What you have to do
Scan the listing below and copy each line holding the word "Next".

Data for review
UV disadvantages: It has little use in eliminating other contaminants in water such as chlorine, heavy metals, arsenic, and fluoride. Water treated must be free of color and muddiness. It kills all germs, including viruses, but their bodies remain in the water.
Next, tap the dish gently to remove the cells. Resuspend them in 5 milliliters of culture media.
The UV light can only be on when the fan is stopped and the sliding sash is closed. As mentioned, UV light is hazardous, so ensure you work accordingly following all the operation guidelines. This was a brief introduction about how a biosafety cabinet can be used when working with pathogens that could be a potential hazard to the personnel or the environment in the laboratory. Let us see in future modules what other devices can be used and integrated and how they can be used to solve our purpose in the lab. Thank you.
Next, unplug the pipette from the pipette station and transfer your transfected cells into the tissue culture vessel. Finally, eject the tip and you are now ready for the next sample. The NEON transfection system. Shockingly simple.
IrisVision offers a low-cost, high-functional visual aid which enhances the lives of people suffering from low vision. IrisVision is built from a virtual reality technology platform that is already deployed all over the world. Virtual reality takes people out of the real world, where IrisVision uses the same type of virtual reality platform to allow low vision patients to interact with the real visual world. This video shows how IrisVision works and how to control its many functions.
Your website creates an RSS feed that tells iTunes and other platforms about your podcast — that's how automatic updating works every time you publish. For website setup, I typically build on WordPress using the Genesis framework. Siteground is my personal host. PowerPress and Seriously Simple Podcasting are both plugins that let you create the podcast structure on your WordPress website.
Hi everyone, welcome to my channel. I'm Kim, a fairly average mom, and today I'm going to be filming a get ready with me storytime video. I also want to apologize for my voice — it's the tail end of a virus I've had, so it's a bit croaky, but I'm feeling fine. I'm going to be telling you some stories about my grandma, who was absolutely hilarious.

==

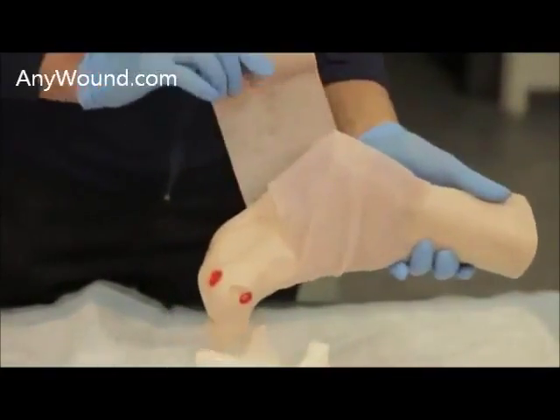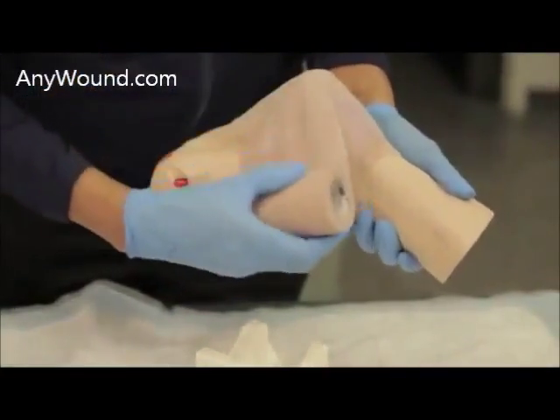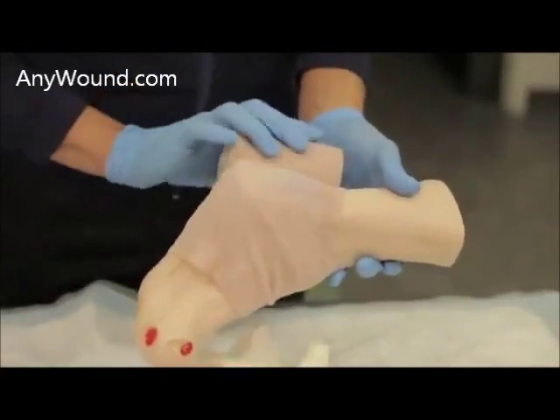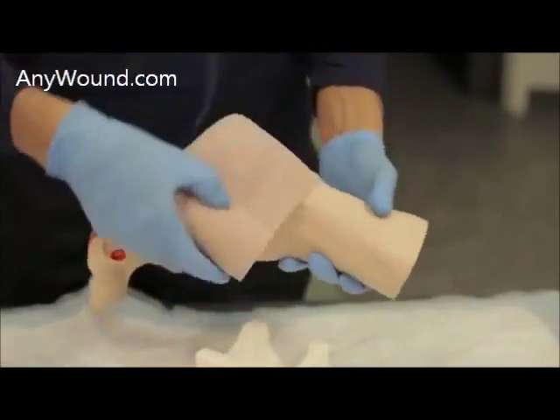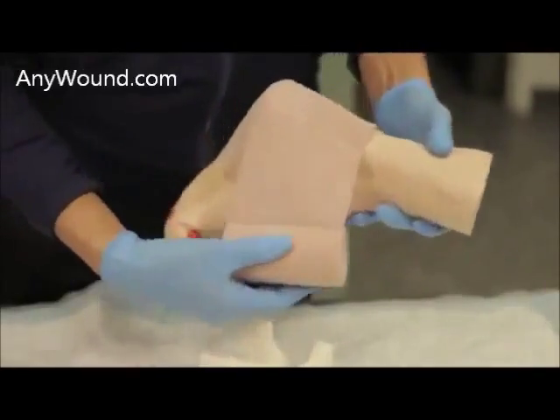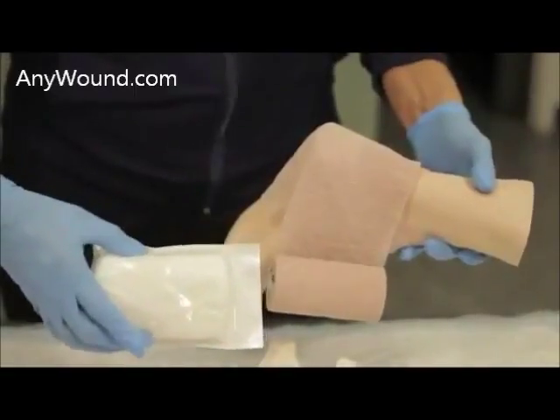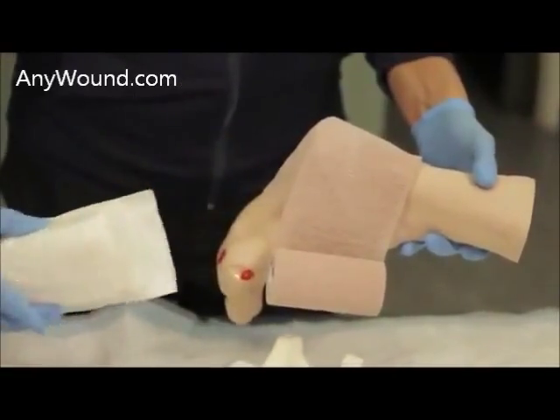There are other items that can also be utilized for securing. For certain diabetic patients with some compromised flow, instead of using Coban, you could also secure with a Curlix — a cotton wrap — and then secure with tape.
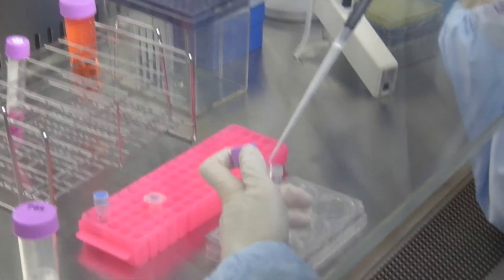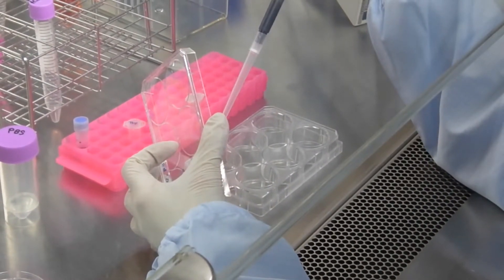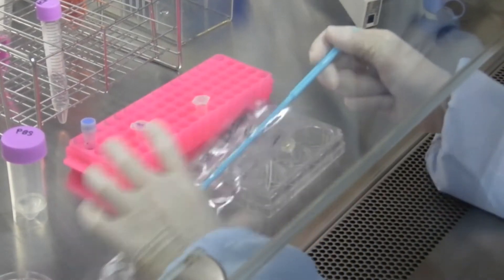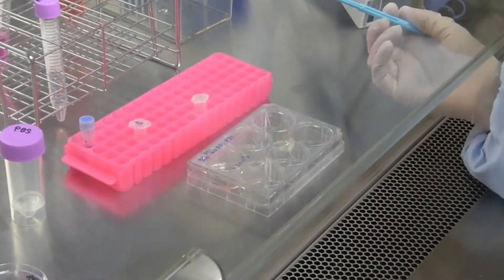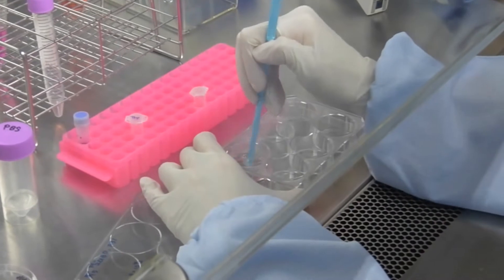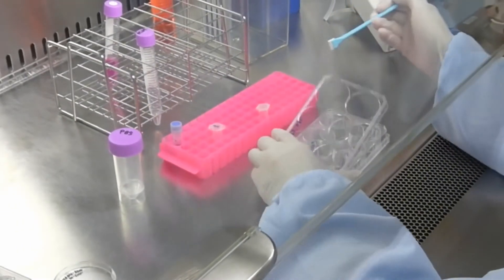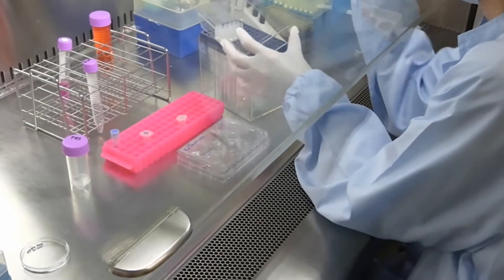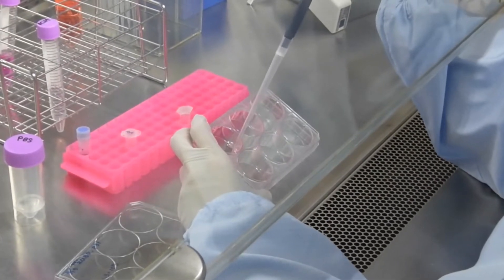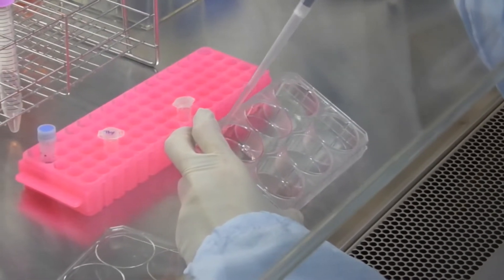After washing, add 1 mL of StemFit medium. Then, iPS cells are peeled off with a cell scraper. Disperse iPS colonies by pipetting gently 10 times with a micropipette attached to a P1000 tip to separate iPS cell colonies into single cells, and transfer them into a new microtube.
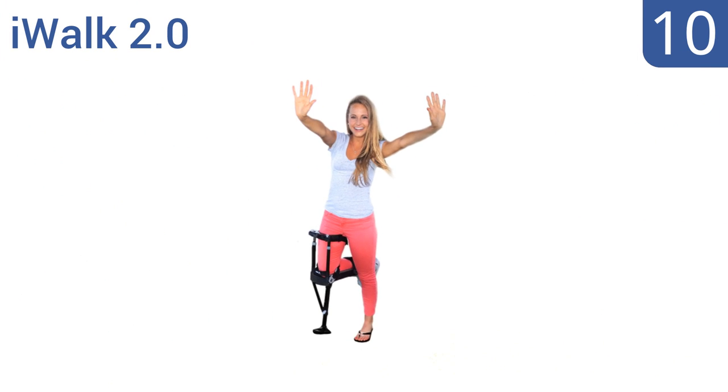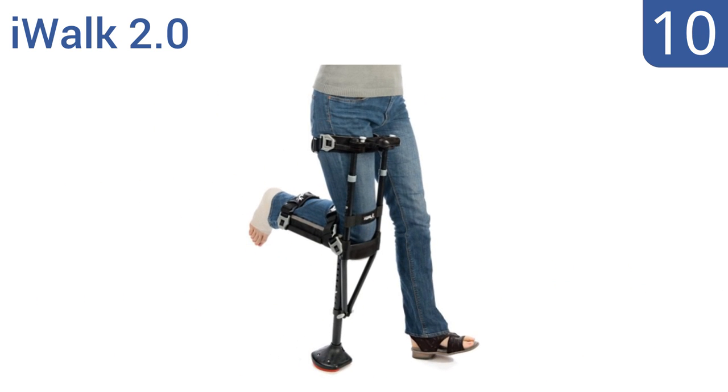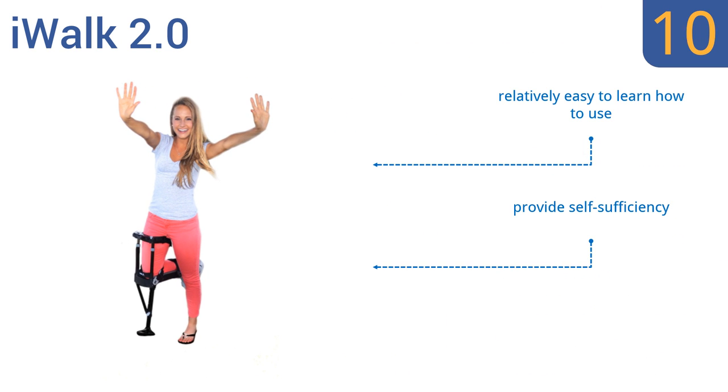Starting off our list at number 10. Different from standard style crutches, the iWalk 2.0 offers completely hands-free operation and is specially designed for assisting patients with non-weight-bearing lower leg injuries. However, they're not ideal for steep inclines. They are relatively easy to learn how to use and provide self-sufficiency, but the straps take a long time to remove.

--

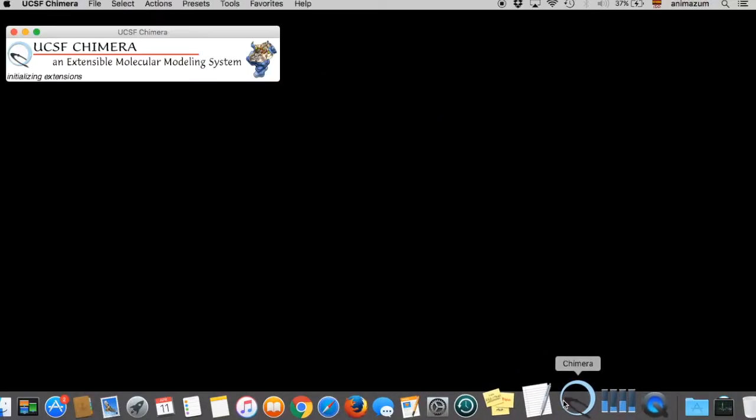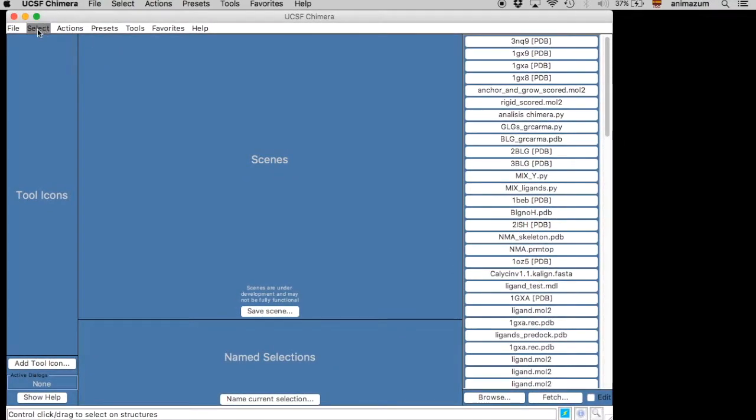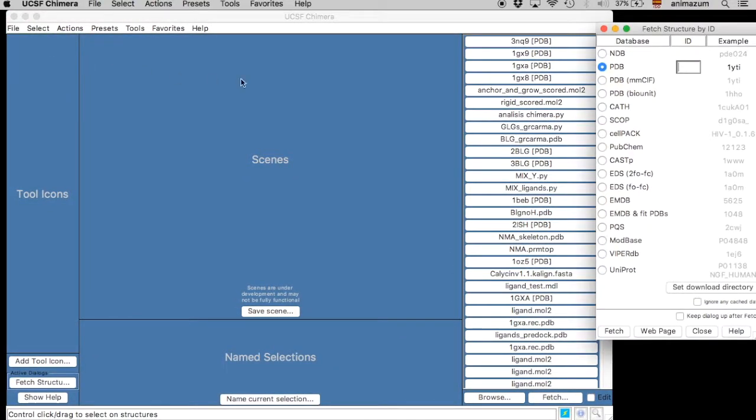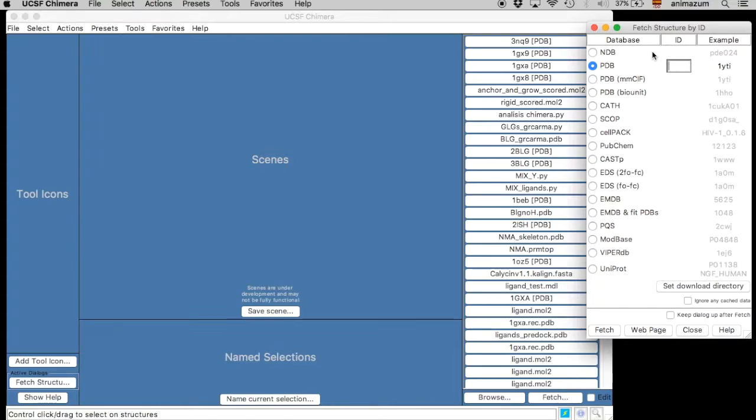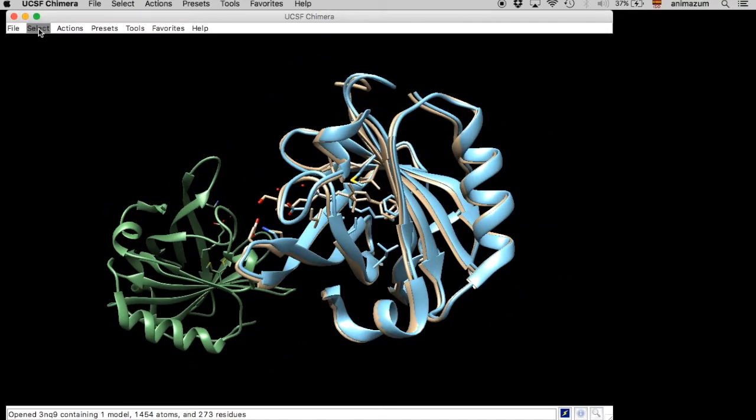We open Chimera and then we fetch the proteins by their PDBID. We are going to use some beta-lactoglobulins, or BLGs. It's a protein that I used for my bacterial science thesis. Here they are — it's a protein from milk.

Task answer
Next, tap the dish gently to remove the cells. Resuspend them in 5 milliliters of culture media.
Next, unplug the pipette from the pipette station and transfer your transfected cells into the tissue culture vessel. Finally, eject the tip and you are now ready for the next sample. The NEON transfection system. Shockingly simple.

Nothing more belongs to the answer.